# Router Table



## xiphidius (23 Jan 2017)

At some point in the future I would like to make a simple Router Table mostly from Plywood.
Has anyone built one?
What do I need (ie plates etc), has anyone got plans or links.....it must be simplistic for a novice.
Many Thanks 
Regards
C


----------



## MattRoberts (23 Jan 2017)

I've built a few. My latest version is this - an oak worktop offcut with a Kreg insert plate. 







I have the Triton TRA001 router underneath, which has its own raising mechanism built in:






They're simple enough to make - you just trim a recess for a plate and then attach a router underneath. 

Before this set up, I had a 1/4 inch dewalt router attached via its fixed base underneath (which let me screw advance the router up and down, and then a piece of acrylic as the insert plate with a hole cut in it using a forstner bit. 

And before that, I had a DIY lift using two vertical drawer runners. 

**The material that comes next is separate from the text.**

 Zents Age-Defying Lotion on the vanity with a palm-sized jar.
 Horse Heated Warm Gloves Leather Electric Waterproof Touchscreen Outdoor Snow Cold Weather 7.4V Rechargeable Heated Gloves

So as you can see, plenty of options available. Just search on YouTube for DIY router table or router lift 

What router do you have / are planning on using?


----------



## Lons (23 Jan 2017)

Mine is attached to my saw table like Matts however I used a cheap Rutlands table as thought by the time I bought the track and fence it wasn't worth making. I've since adapted it to take an Incra insert and Router Razer lift instead of the cr*p insert in the pics


----------



## xiphidius (24 Jan 2017)

Great advice there guys, plenty of ideas...I'm liking the scrap worktop idea as I dont mind building a little table or utilising an existing one.
I only have a hobbyist small cheap router Argos special. small chuck size (good enough for me for now) but certainly is no Big Boys toy. I will buy a better one later. Thanks for the advice guys appreciated. That profiles did you use for the guide rails, router aperture etc..how do you secure them in position (clamping)
Regards
C


----------



## MattRoberts (24 Jan 2017)

With an insert plate, you position the plate in place on the surface, and then use some strong double sided tape to stick down some small strips of wood around the perimeter. You can then use a pattern cutting bit to create the recess 

https://goo.gl/images/Ko6CL5


----------



## xiphidius (24 Jan 2017)

Thanks again Matt.....tell me more about the actual fences over the router after its been fitted to run against sliders...what do you use (homemade) how do you make them and anything surrounding these ...stops etc.....
Also I noticed your dust extraction system (blue barrel with some sort of concertina on top) could you explain this also hahaha
Sorry for the newbie numpty questions
Regards
C


----------



## sunnybob (24 Jan 2017)

My first router table was a 3 ft offcut of kitchen work surface. I outgrew that very quickly due to its wavy surface.
I'm on my third table now and its 90 cm x 80 cm x 40 mm of melamine faced chipboard on a (very) home made set of drawers with a home made lift made of a couple of sticks and a crank handle on the front. It doesnt have to be expensive or look good to do a good job..

2 important things;
1/ The kreg plate is very easy to fit and cheaply priced, but they are prone to minor warpage. I'm on my second.
Kreg service is first class, I reported the ripple in mine and got another sent free of charge by return post. But this one is now showing signs of uneveness. Its very small, but I only make small things and it shows up. I wont buy another kreg, I will buy a metal plate.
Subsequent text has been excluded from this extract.